Pictures aside, reproduce exactly each line from the one holding "Colorblock Geometric Print Casual Dress" through the last line of the material, both ends included.

Stored data ->

^^^^

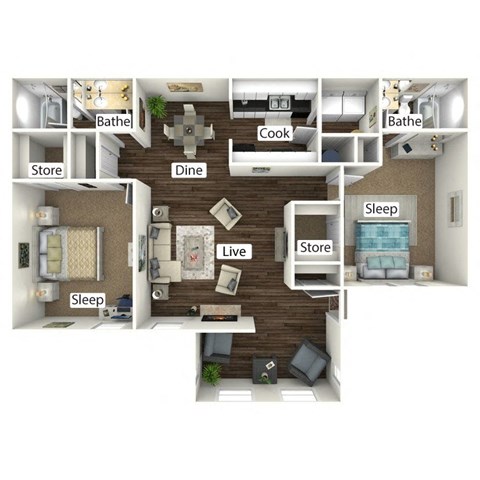 Floor plan for 2 beds, 2 baths, 1163 sqft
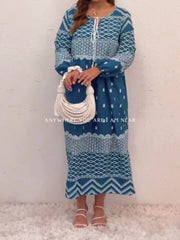 Colorblock Geometric Print Casual Dress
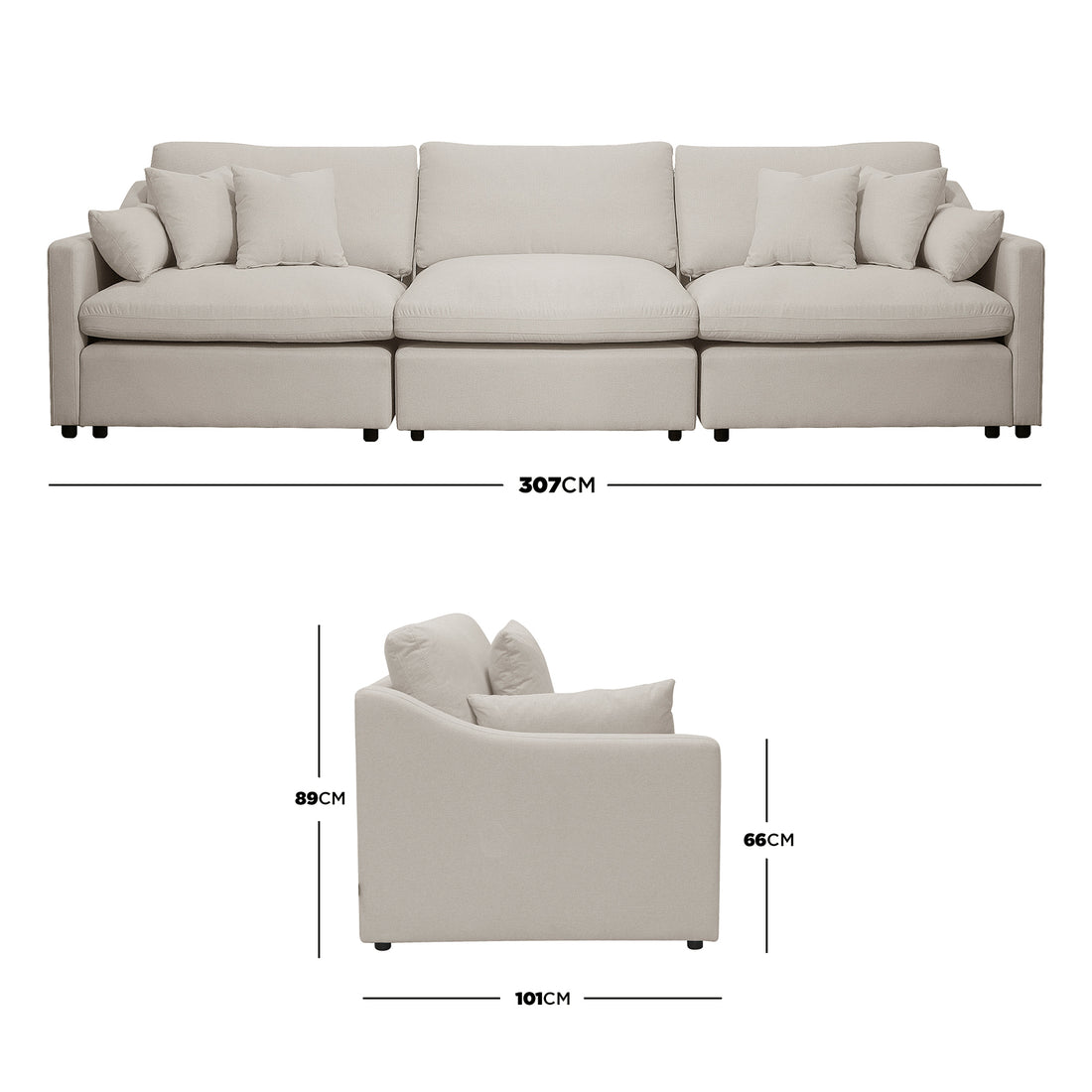 Beige sofa shown from front and side with dimensions labeled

^^^^

Response to the task ->
 Colorblock Geometric Print Casual Dress
 Beige sofa shown from front and side with dimensions labeled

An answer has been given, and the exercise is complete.